UDP (User Datagram Protocol):
- An OSI layer 4 protocol for game servers, VoIP (Viber, WhatsApp, Telegram etc.) and other time-sensitive applications.
- It does NOT use segmentation before being transmitted.
- Multicast and broadcast usually use UDP.
IP: An OSI layer 3 protocol that defines how to address and route packets for delivery.
Understanding TCP/IP Protocol Suite
Recalling from the previous chapter, TCP/IP suite is a collection of protocols that allows connectivity between different local or remote networks. It covers layer 3 to layer 7 of the OSI model.
Here is a table to illustrate:
| TCP/IP Layer | OSI Equivalent Layer(s) | Common Protocols | PDUs (Protocol Data Units) at this layer |
|---|---|---|---|
| Application | Application, Presentation, Session | HTTP, HTTPS, FTP, SMTP, POP3, IMAP, DNS, SSH, Telnet, SNMP | Data, Messages, Streams |
| Transport | Transport | TCP, UDP | Segments (TCP), Datagrams (UDP) |
| Internet | Network | IP (IPv4, IPv6), ICMP, ARP, IGMP | Packets (or Datagrams) |
| Network Access | Data Link, Physical | Ethernet, Wi-Fi (802.11), PPP, Frame Relay, ATM | Frames (at Data Link), Bits (at Physical) |
They function together and are collevtively named due to both TCP and IP being ubiquitous protocols.
Note: The reason why it is not "UDP/IP" is because TCP is older than UDP. Moreover, most TCP/IP suite applications require TCP to function because it is much more dominant than UDP.
Ok, but what do protocols have in common?
They are categorized into numerous separate categories. Here are four well-known ones:
- Connection-Oriented Protocols: Involve two hosts making assurances (ex: "handshake process") and establish an agreement prior to any data being exchanged.
- Ex: TCP, SCTP, ATM
Note: Protocols are often reliant on other protocols to function. Some of the most common protocols that we use like SMTP or IMAP for mails, FTP for file transfers, and SSH for remote computer access need TCP in order to function. This is why unlike the SCTP and ATM, TCP stands out because it has better support and is the most common.
-
Connectionless Protocols: Involve a host releasing data to another without any prior acknowledgement or any pre-arranged preparations. It spews out data without any verifications.
- Ex: UDP, IP, ARP
-
Stateful protocols: Keep track of each packet during a session in order to quickly retransmit data in case of a network failure.
- Ex: FTP, TCP, SSH
-
Stateless protocols: Do not remember or track packets during a session. Data is picked up where they were left off once a connection gets reestablished.
- Ex: IP, HTTP, DNS
Understanding PDUs
It is important to note that TCP/IP deals with packets and segments/datagrams, not frames.

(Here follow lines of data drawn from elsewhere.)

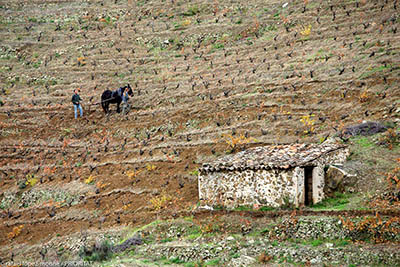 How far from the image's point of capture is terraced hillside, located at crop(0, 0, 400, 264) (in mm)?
19312

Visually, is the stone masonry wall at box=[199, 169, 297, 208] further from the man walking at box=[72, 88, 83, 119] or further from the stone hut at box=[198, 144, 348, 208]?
the man walking at box=[72, 88, 83, 119]

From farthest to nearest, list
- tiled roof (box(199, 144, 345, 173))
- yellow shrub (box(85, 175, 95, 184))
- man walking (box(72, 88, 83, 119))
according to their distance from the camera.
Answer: man walking (box(72, 88, 83, 119)) → yellow shrub (box(85, 175, 95, 184)) → tiled roof (box(199, 144, 345, 173))

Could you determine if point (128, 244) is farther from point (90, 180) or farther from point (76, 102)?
point (76, 102)

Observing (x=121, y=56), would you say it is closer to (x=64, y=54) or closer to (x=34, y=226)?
(x=64, y=54)

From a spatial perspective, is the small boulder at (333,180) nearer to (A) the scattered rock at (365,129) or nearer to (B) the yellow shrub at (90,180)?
(A) the scattered rock at (365,129)

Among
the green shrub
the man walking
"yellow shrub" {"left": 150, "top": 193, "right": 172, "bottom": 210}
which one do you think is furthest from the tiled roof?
the man walking

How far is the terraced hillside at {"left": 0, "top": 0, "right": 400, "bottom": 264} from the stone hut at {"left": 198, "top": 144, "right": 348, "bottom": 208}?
1.61 metres

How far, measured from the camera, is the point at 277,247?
12.8 m

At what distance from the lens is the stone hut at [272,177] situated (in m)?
14.8

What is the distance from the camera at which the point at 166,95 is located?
1048 inches

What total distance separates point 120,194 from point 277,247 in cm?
853

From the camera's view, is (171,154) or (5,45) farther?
(5,45)

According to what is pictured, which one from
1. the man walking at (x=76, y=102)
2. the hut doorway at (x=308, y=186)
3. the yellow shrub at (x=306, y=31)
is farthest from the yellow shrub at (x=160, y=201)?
the yellow shrub at (x=306, y=31)

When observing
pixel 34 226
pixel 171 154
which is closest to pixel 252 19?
pixel 171 154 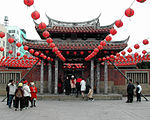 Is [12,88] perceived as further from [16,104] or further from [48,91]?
[48,91]

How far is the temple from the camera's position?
17.4 meters

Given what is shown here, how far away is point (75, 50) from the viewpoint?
1761 centimetres

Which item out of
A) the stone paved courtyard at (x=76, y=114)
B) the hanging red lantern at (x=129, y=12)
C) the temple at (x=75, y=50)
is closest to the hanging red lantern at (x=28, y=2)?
the hanging red lantern at (x=129, y=12)

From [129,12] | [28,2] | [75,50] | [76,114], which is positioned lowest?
[76,114]

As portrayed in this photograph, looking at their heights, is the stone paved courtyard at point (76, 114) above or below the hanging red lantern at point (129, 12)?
below

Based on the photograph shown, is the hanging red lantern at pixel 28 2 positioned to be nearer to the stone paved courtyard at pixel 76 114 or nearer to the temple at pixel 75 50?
the stone paved courtyard at pixel 76 114

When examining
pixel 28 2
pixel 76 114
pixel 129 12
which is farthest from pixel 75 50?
pixel 28 2

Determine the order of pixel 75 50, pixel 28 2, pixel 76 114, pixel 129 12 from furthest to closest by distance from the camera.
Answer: pixel 75 50 → pixel 76 114 → pixel 129 12 → pixel 28 2

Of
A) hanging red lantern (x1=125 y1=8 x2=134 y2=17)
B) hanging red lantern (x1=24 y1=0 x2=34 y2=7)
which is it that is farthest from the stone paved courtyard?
hanging red lantern (x1=24 y1=0 x2=34 y2=7)

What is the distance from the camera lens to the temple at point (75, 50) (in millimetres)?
17422

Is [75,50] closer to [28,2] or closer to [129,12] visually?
[129,12]

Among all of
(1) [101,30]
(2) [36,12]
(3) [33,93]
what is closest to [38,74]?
(1) [101,30]

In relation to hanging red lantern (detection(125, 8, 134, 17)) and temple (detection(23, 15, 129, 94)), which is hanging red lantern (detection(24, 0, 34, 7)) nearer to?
hanging red lantern (detection(125, 8, 134, 17))

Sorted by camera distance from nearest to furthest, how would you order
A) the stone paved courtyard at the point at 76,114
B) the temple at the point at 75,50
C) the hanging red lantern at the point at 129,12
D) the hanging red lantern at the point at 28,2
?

Here is an image to illustrate what a packet looks like. It is essentially data wrapped around lower-level data just like an egg:
Here are the PDUs that you need to learn:
- Frame: PDU of OSI Layer 2
- Packet:
- Generic meaning: Any data that are grouped together as a bundle.
- Specific meaning: PDU OSI of Layer 3
- Segment: TCP PDU of OSI Layer 4
- Datagram: UDP PDU of OSI Layer 4
In a colloquial setting, all of the PDUs mentioned above can be referred to as "packets" unless otherwise noted.
Ok, but what about OSI layer 1?
OSI Layer 1's PDU is just "bits" or "symbol sequences". They are just raw streams of 1s and 0s. They bear no logical structure and only bring signals (electrical/light impulses or radio waves) across the physical medium.
TCP/IP in Action
When PDUs traverse across the network, information gets added as they leave the client to a remote destination. They go through several layers in the OSI model before they are disassembled when they arrive at their destination.
Encapsulation to Decapsulation:
In order to understand how either encapsulation or decapsulation work, it is better to provide a real life example of a packet being assembled and sent over from one host to the other.
Let's say PC1 wants to send a file to PC2 via an Ethernet cable or wirelessly using an SSH session with the scp command. The concise steps to achieve this are as follows, starting with TCP/IP's Application Layer:
- Application Layer:
- As the SSH session begins, PC1 must resolve PC2's hostname to an IP address. Only one of the following scenarios happen:
- If PC2's IP address is not found, PC1's Domain Name System (DNS) resolver will ask the DNS server (often the home router) to obtain it.
- If found, it is done by checking though PC1's hosts file or DNS cache in memory.
- When the client generates the data necessary to peform a particular action, it will be formatted and ecrypted through SFTP.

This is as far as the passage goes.